§ EXERCISE DESCRIPTION: When the records are reproduced, each one must match exactly, and no picture may be kept.

Crawled caption data
-=-=-

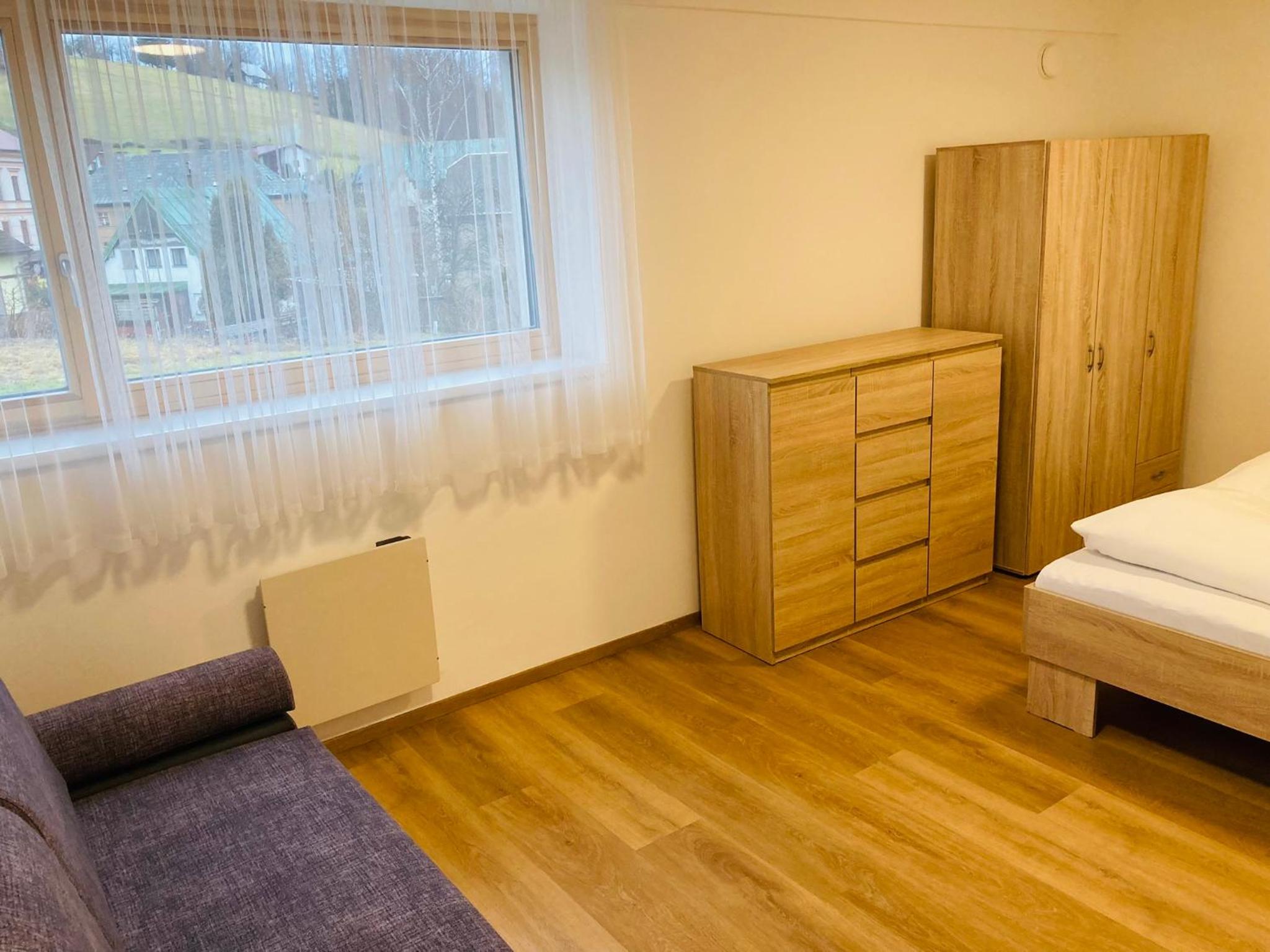 Suite - Photo 7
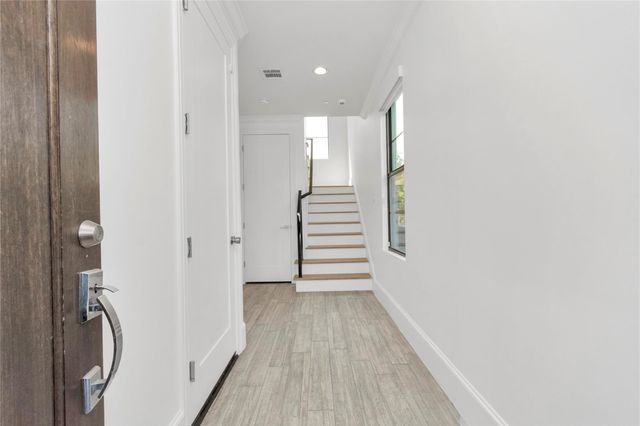 5735 Winsome Lane, Houston, TX 77057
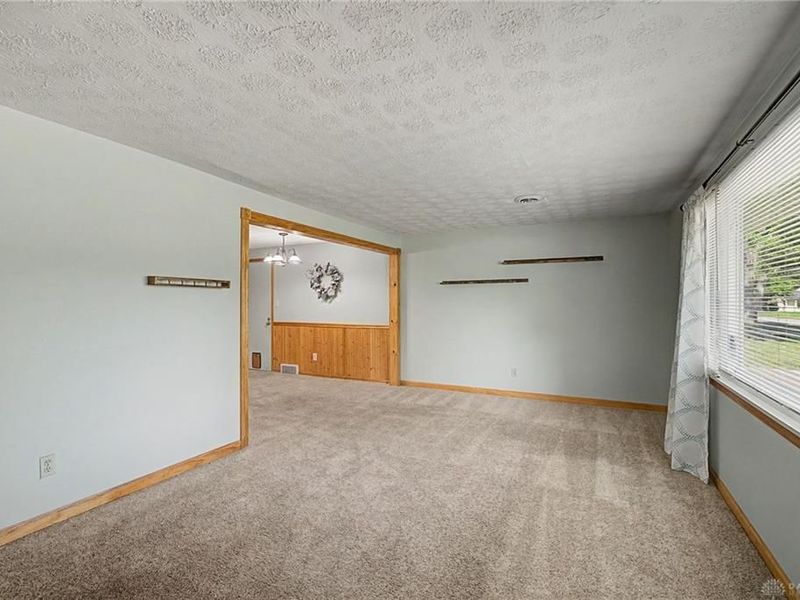 812 Kenosha Road, Kettering, OH 45429 Photo 8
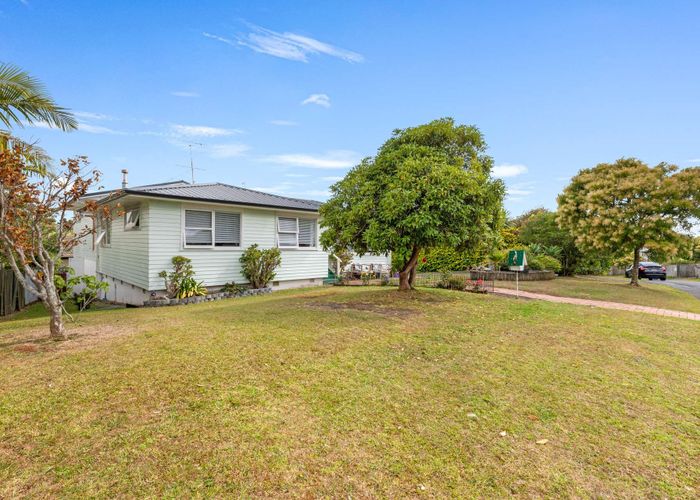  at 32 Kirby Street, Glendene, Auckland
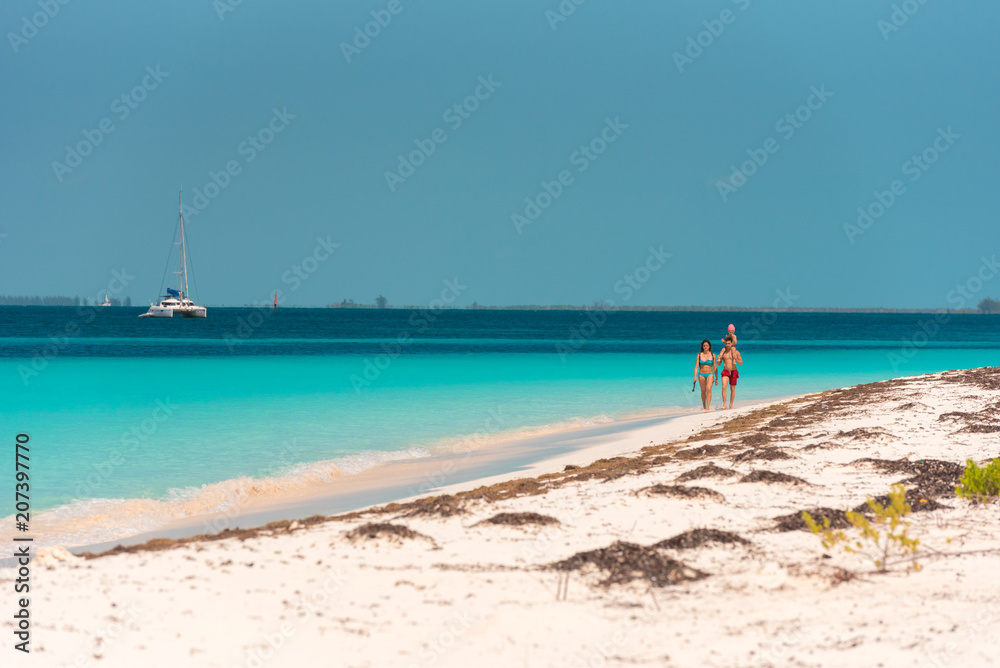 Obraz premium CAYO LARGO, CUBA - MAY 8, 2017: Sandy beach Playa Paradise. Copy space for text.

-=-=-

§ TASK RESPONSE:
 Suite - Photo 7
 5735 Winsome Lane, Houston, TX 77057
 812 Kenosha Road, Kettering, OH 45429 Photo 8
  at 32 Kirby Street, Glendene, Auckland
 Obraz premium CAYO LARGO, CUBA - MAY 8, 2017: Sandy beach Playa Paradise. Copy space for text.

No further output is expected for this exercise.